There we were. Seventh-grade Health class, the section on sex education. I could finally ask the question I had puzzled over since I was ten.
COULD a woman be pregnant and get pregnant again? Meaning, could she, WHILE carrying a baby, get pregnant with a second one? So that she would give birth in nine months to the first baby, and, say four months later, birth the second one? COULD such a thing happen?
No, is the short answer. But our teacher clarified that simultaneous-serial pregnancies [my term] CAN actually happen. In very, VERY rare cases.
Ha! She knew squat about writers. We as a race carry multiple simultaneous-serial pregnancies all the time. For years, I thought of my books as babies, all lined up in the birth canal, waiting to be born. The second and third and seventh books, crowding behind the first, keep pestering it: “Psst! Hurry! Get out already, so we can be born too.”
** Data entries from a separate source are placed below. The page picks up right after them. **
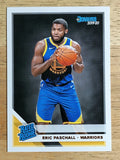 2019-20 Donruss #238 Eric Paschall RR RC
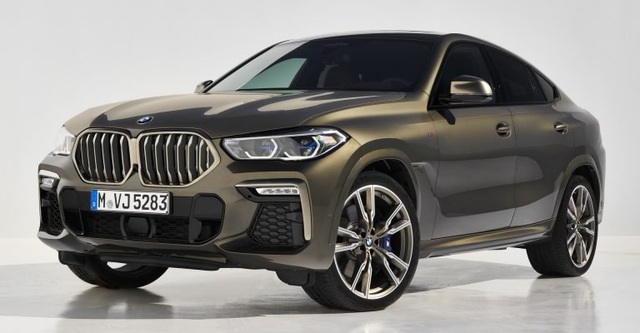 BMW X6 thế hệ mới có gì khác trước? - 1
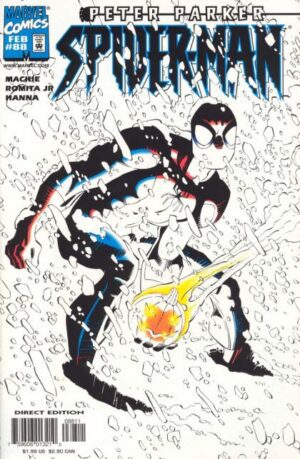 Spider-Man - Vol. 1 # 88A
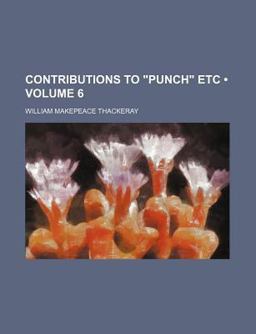 Contributions to Punch Etc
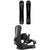 CAPiTA Sidewinder Snowboard + Union STR Snowboard Bindings 2027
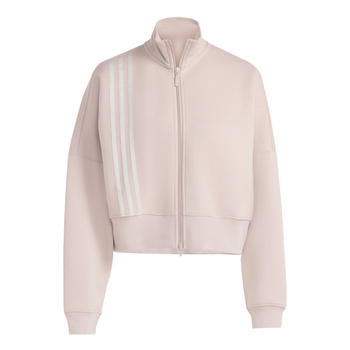 Bluza damska adidas 3 STRIPES beżowa JW3608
So, though I have no physical children, that’s my first and longest-enduring writing metaphor: writing as PREGNANCY and GIVING BIRTH.
More recently I thought of my writing as that magic trick (Danny, Scriva Nicole’s husband, told me how it’s done!) where the illusionist is PULLING OUT KILOMETERS OF RIBBON FROM HIS MOUTH, HIS BEING. That’s how I feel when I’m writing: that I pull out of myself mysteries that I never would have imagined all existed and fit in me.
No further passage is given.